Placental insufficiency and adipose tissue dysregulation are postulated to play key roles in the pathophysiology of both pre-eclampsia (PE) and gestational diabetes mellitus (GDM). A dysfunctional release of deleterious signaling motifs can offset an increase in circulating oxidative stressors, pro-inflammatory factors and various cytokines. It has been previously postulated that endothelial dysfunction, instigated by signaling from endocrine organs such as the placenta and adipose tissue, may be a key mediator of the vasculopathy that is evident in both adverse obstetric complications. These signaling pathways also have significant effects on long term maternal cardiometabolic health outcomes, specifically cardiovascular disease, hypertension, and type II diabetes. Recent studies have noted that both PE and GDM are strongly associated with lower maternal flow-mediated dilation, however the exact pathways which link endothelial dysfunction to clinical outcomes in these complications remains in question. The current diagnostic regimen for both PE and GDM lacks specificity and consistency in relation to clinical guidelines. Furthermore, current therapeutic options rely largely on clinical symptom control such as antihypertensives and insulin therapy, rather than that of early intervention or prophylaxis. A better understanding of the pathogenic origin of these obstetric complications will allow for more targeted therapeutic interventions.
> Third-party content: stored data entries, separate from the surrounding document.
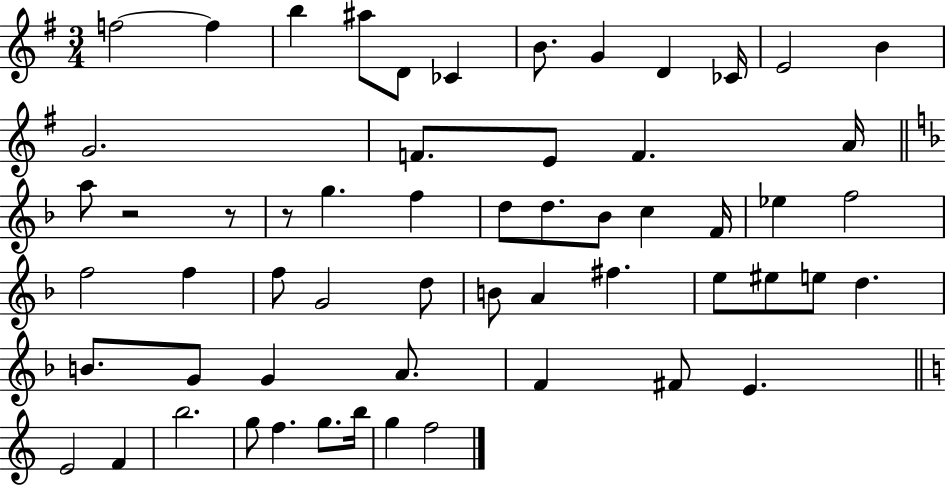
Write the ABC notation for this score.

X:1
T:Untitled
M:3/4
L:1/4
K:G
f2 f b ^a/2 D/2 _C B/2 G D _C/4 E2 B G2 F/2 E/2 F A/4 a/2 z2 z/2 z/2 g f d/2 d/2 _B/2 c F/4 _e f2 f2 f f/2 G2 d/2 B/2 A ^f e/2 ^e/2 e/2 d B/2 G/2 G A/2 F ^F/2 E E2 F b2 g/2 f g/2 b/4 g f2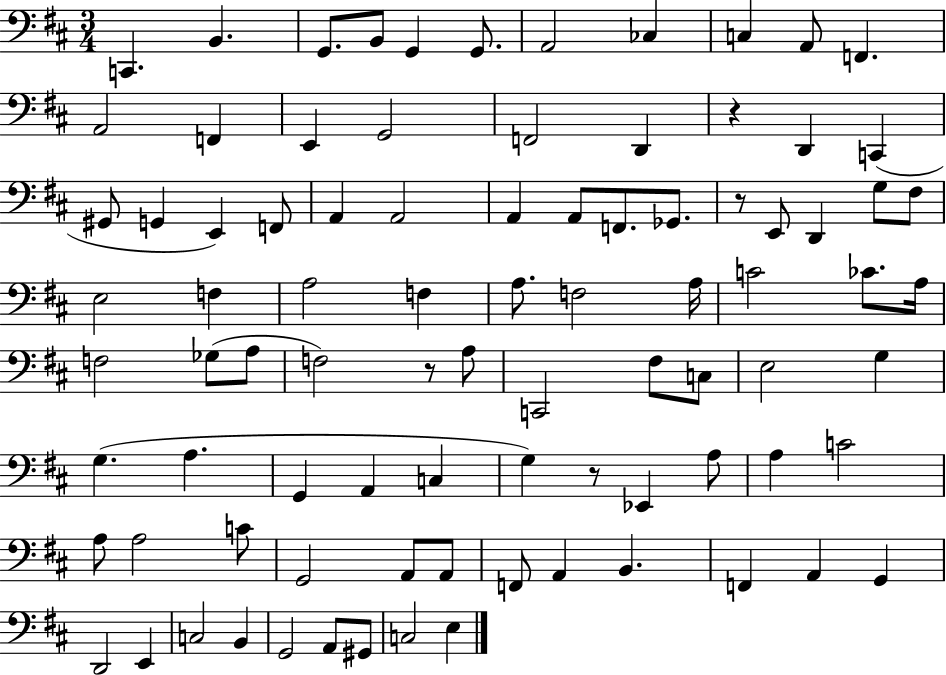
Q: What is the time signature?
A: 3/4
In this review we will explore the complex signaling relationship between the placenta and adipose tissue in PE and GDM and investigate how these intricate pathways affect maternal endothelial function and, hence, play a role in acute pathophysiology and the development of future chronic maternal health outcomes.
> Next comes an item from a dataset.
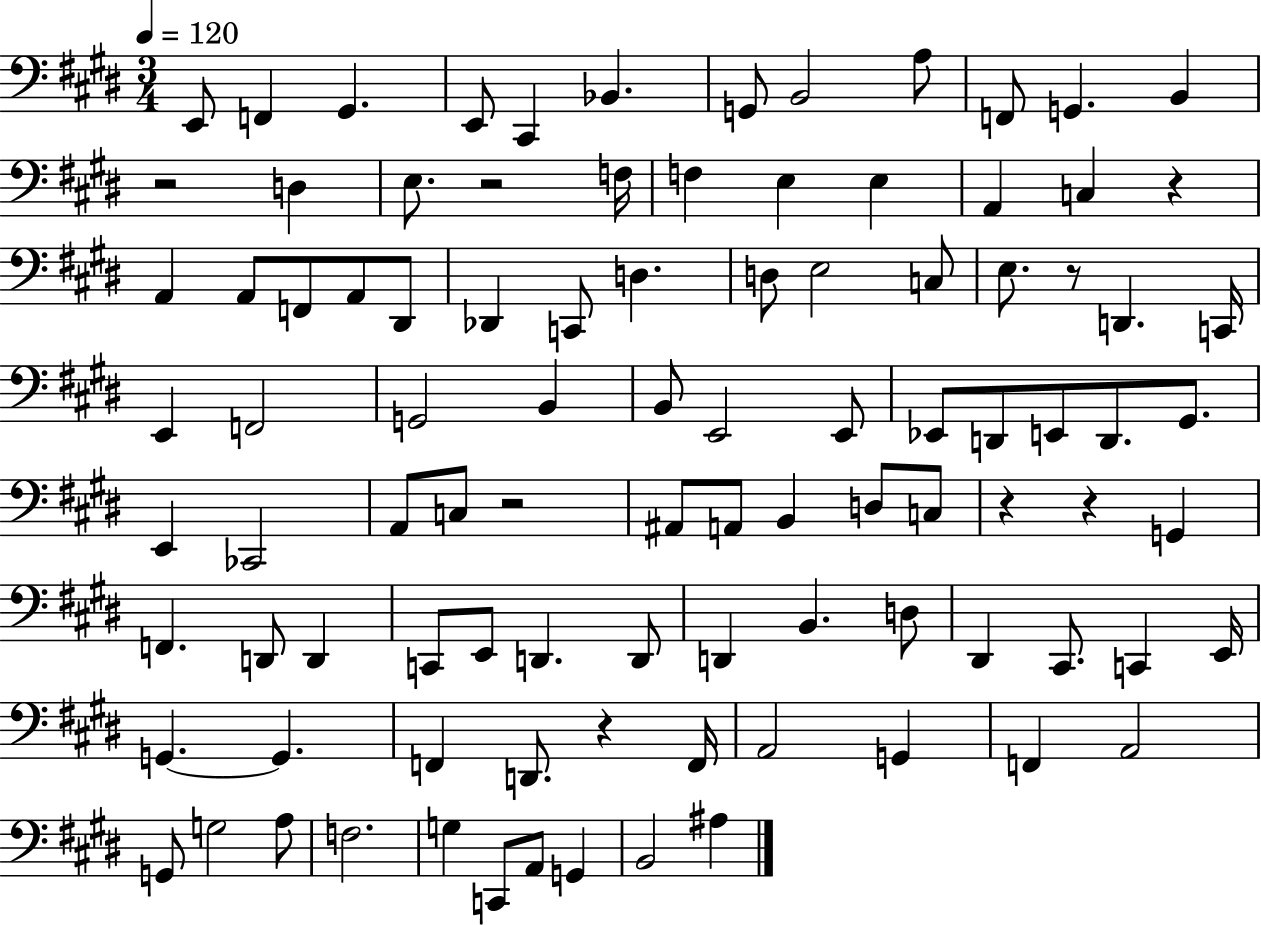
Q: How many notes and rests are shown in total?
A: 97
胎盘功能不全和脂肪组织失调被认为在子痫前期 (PE) 和妊娠期糖尿病 (GDM) 的病理生理学中发挥关键作用。有害信号分子的功能失调释放会抵消循环氧化应激物、促炎因子和各种细胞因子的增加。先前已经提出,由胎盘和脂肪组织等内分泌器官发出的信号引发的内皮功能障碍,可能是两种不良产科并发症中明显的血管病变的关键介质。这些信号通路对长期母体心脏代谢健康结果也有重大影响,特别是心血管疾病、高血压和 2 型糖尿病。最近的研究表明,PE 和 GDM 都与母体血流介导的扩张明显降低密切相关,但将内皮功能障碍与这些并发症的临床结果联系起来的确切途径仍存在疑问。目前用于 PE 和 GDM 的诊断方案在与临床指南的关系上缺乏特异性和一致性。此外,目前的治疗选择主要依赖于临床症状控制,如降压药和胰岛素治疗,而不是早期干预或预防。更好地了解这些产科并发症的发病机制将允许更有针对性的治疗干预。在这篇综述中,我们将探讨胎盘和脂肪组织在 PE 和 GDM 中的复杂信号关系,并研究这些复杂途径如何影响母体内皮功能,从而在急性病理生理学和未来慢性母体健康结果的发展中发挥作用。